Discovering mathematical formulae using evolutionary software.
a)[5 points]GPlearn GPlearn is a symbolic regression tool that uses genetic programming to discover mathematical relationships among variables in a dataset. In this problem, you will use GPlearn to perform binary classification task. The dataset contains n = 16 data items representing different animal species. Each species is a data vector of 13 binary (0 or 1) variables representing features such as size, hairiness, etc. A '1' indicates the presence of that feature, and '0' otherwise. Each of the 16 species can be classified into one of two categories: bird or terrestrial animal (indicated in the dataset). GPlearn can be trained to learn the association between the species' features and their categories, and thus have it automatically compute the category using only the features. It learns associations in the form of a mathematical function, using genetic programming. The object of this problem is for you to learn to use symbolic regression as a machine learning tool.
Prepare the dataset: It should contain a set of features or variables and a binary label that indicates the class of each data point. Each feature should be represented as a binary value (0 or 1).
Define the target function: Specify the label as the target variable and set it as a function of the input features.
Specify search parameters: Set the search parameters for gplearn, such as the maximum number of generations, population size, and the mutation rate.
Evaluate the results: Evaluate the discovered formulae using metrics such as accuracy, precision, recall, and F1-score. You can also visualize the results using a confusion matrix and ROC curve.
Refine the search: If the results are not satisfactory, you can refine the search by changing the search parameters, adding or removing features, or modifying the target function.
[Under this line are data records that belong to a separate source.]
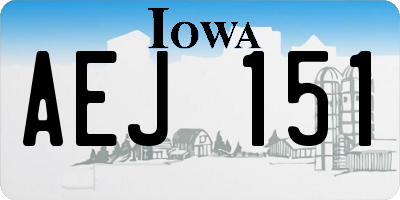 IA license plate AEJ151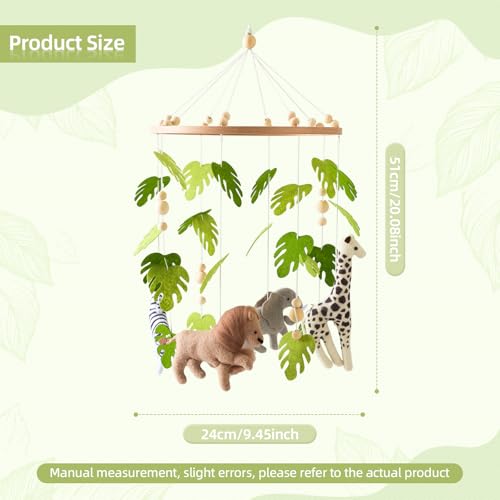 Handmade Jungle Baby Mobile for Crib with Lion Elephant Zebra Giraffe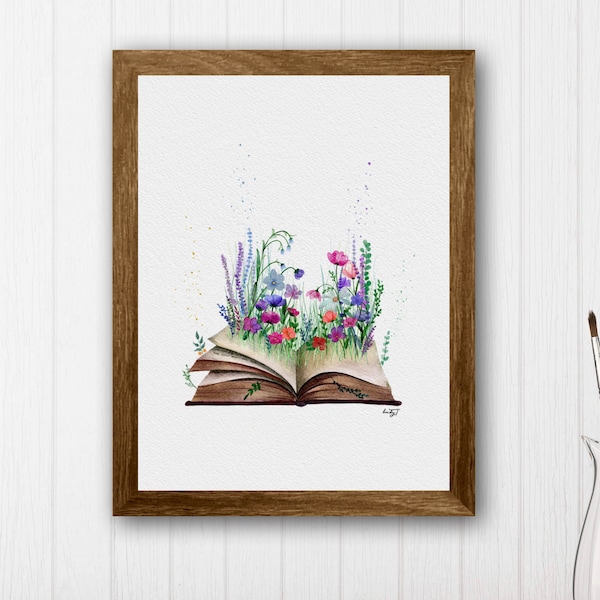 Knowledge Is Beauty Art Print, Floral, Book, Watercolour. By Lindy Tsang
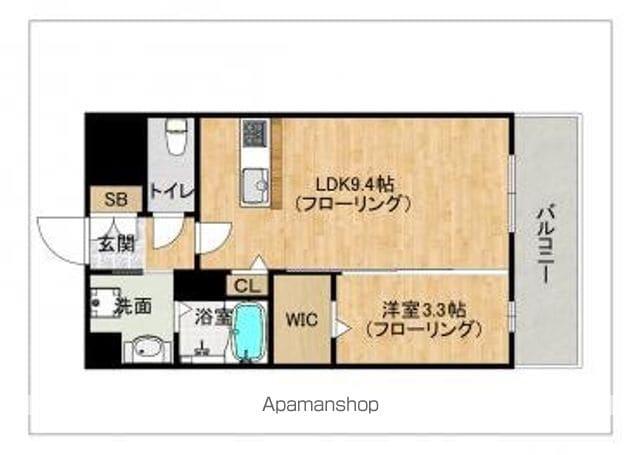 VALENTIA天神東(1LDK/15階)の間取り写真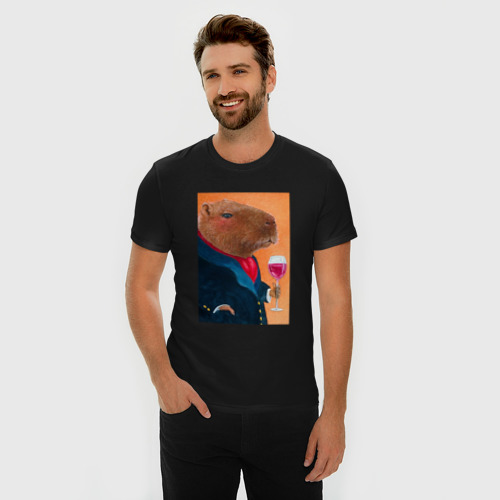 Мужская футболка хлопок Slim Элегантная капибара, цвет черный - фото 3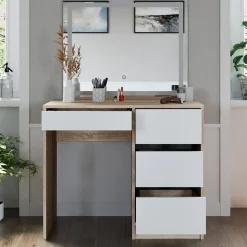 Schminktisch Sherry Sonoma 90 cm mit LED-Spiegel Vicco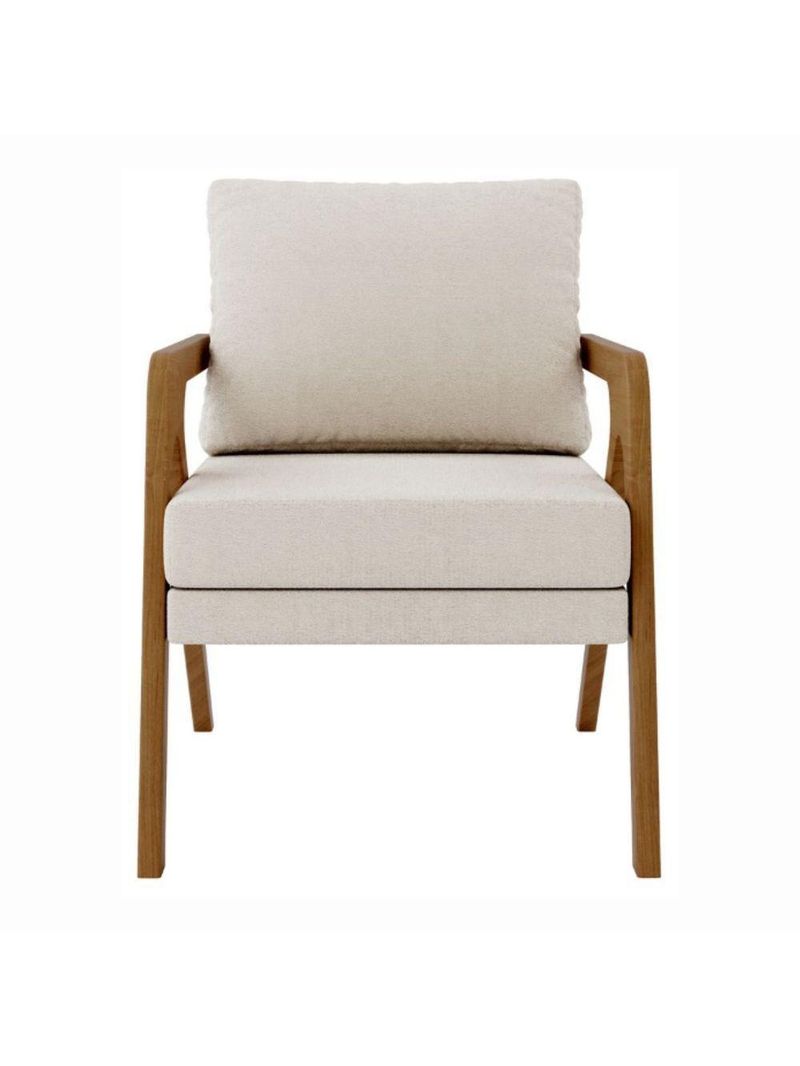 Kit 2 Poltrona Decorativa Moderna Para Sala Escritório Xangai Bouclé Bege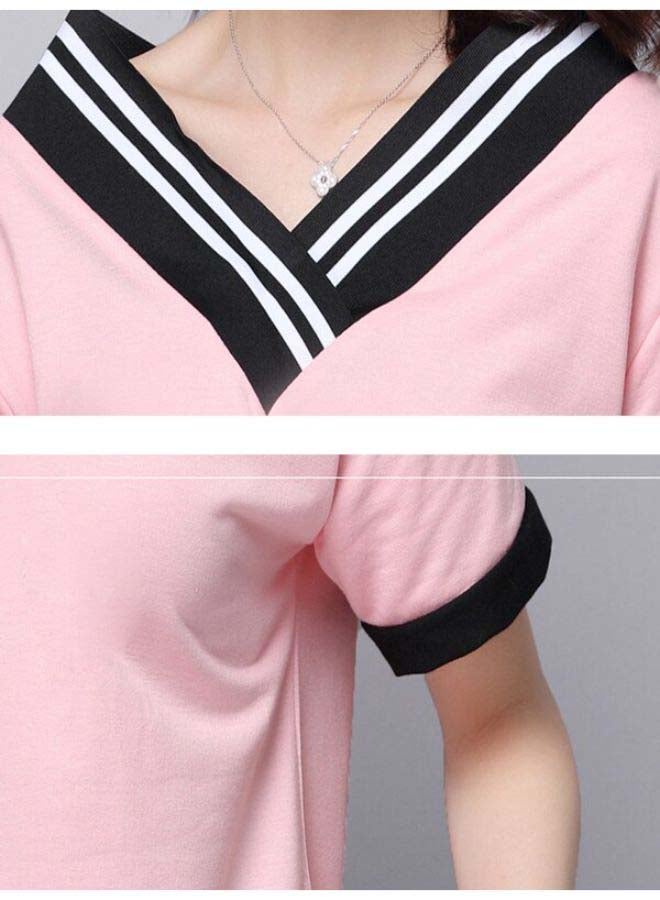 Beauenty Striped V Neck Pajamas Set Pink/Black  - Image 3
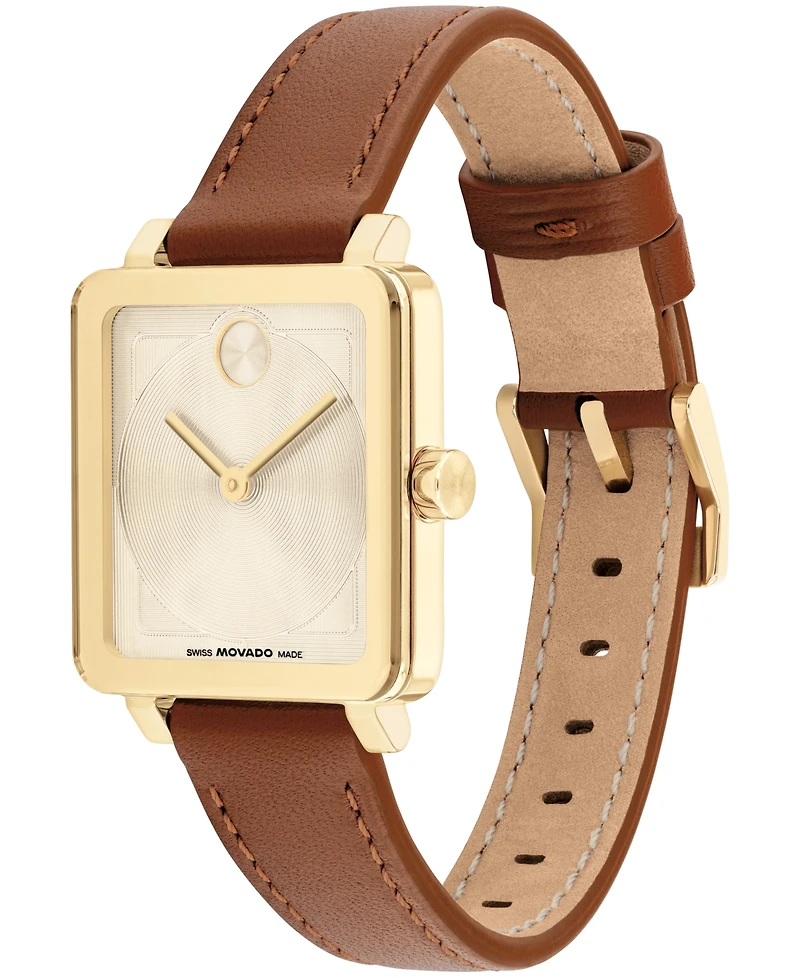 Movado Women's Bold Evolution 2.0 Swiss Quartz Cognac Leather Watch 26mm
Test the model: Use the discovered formulae to predict the class of new data points and evaluate the performance of the model on a test dataset
Deploy the model: Once you are satisfied with the performance of the model, you can deploy it for binary classification tasks. b)[Optional, extra 1.5 points]
Summarize all your findings, by describing the length of the best formulae you found, their respective errors in fitting the data etc. You may have found different kinds of formulae, some containing simple predictors, and others with compund predictors. As a budding scientist, comment on the existence of such multiple relationships in a dataset. To make predictions about new data items that the present dataset does not contain (say, a lizard), what formula would you prefer? Would you use a longer formula that fits the present data very well? Or would you rather prefer a shorter formula that contains some error? See the 'Error vs. Complexity' plot in the bottom right of the 'Results' tab to visualize this trade-off. Do you think that this trade-off might affect how well the corresponding formulae generalize to species not available in the training dataset?